Author Elias Masilela is convinced that ANC defector Glory Lefoshie Sedibe – also known as Glory September – had strong presidential qualities but ended up, instead, as what he calls “the worst askari in the liberation process”.

In a wide-ranging interview reflecting on his 2007 memoir, Number 43 Trelawney Park / KwaMagogo, Masilela revisits the liberation-era figures who passed through his family home in Manzini, Swaziland – some of whom, he says, possessed the depth, discipline and moral clarity to have led South Africa.

“I will give you more than five,” he says when asked to name those who, in his view, could have become exceptional presidents. Among them are Glory September, Kelly, Philipos Mwedamutsu, Cassius Motswaledi, Fani, John Nkadimeng,
Jabu Shoke, Humphrey Mkhwanazi, Viva Dlodlo and Nkosinathi Maseko.

But September stands out for a darker reason. “My worst prophecy was when I predicted Glory September as the future president of South Africa,” Masilela says. “He ended up the worst askari in the liberation process.”

September was abducted from Swaziland by apartheid security forces and tortured until in 1986 he turned and collaborated with the enforcers of the then government.

Number 43 Trelawney Park / KwaMagogo reconstructs the story of an unassuming house in Manzini that quietly became a nerve centre of the South African liberation struggle. The home, owned by Solomon Buthongo and Rebecca Makgomo Masilela – known as uMagogo – served as a clandestine safe house, transit point and operational base for members of both the ANC and the PAC in exile.

At its centre was Rebecca Masilela, the maternal anchor who fed, sheltered and steadied young cadres living with the daily risk of arrest, betrayal or assassination.
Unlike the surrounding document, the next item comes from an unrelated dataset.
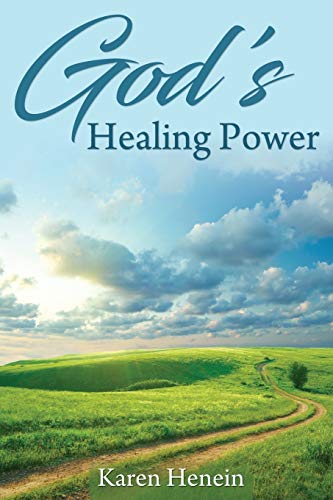 Book/God's Healing Power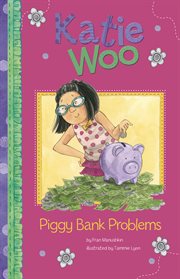 Piggy Bank Problems cover image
Through Masilela’s eyes as a child and young man, the memoir captures the tension and secrecy of exile life, from the fallout of the Nkomati Accord to the reverberations of the Church Street bombing. It also confronts the darker chapters of the struggle – including the September 1986 defection to the apartheid security police, a betrayal that led to arrests and deaths.

Looking back nearly two decades after publication, Masilela argues that the ANC of exile years had “amazing depth in sound servant leaders, which are lacking today.”.

“So, any could have been president,” he says of the names he lists. “But it only had to be.”

Asked what the country overlooked in those figures, the former board chairman of Multichoice points to their grounding in discipline, sacrifice and collective purpose. Unlike modern politics, he suggests, leadership was not driven by ego or spectacle. “Therein lies the difference between ego and honour,” he says. “Our leaders are driven by the former, combined with greed. uMagogo was never characterised by any of the two. She served diligently, honestly and quietly. She did not do it for popularity.”

He also reflects on former president Jacob Zuma, describing a shift in perception: “From a trusted leader and father figure to someone who leaves us with mixed feelings today.”

If he were writing the book for the first time in 2026, Masilela says he would be braver about exposing other alleged informers. “The one theme that stands out is who the other askaris were who lived at Number 43, apart from September,” he says.

There was, he reveals, “an offer on the table” to disclose more – one he refused.

“I couldn’t live with the risk of being told that it was either my parents or my siblings,” he says. “It is a truth I would never have been able to bear.”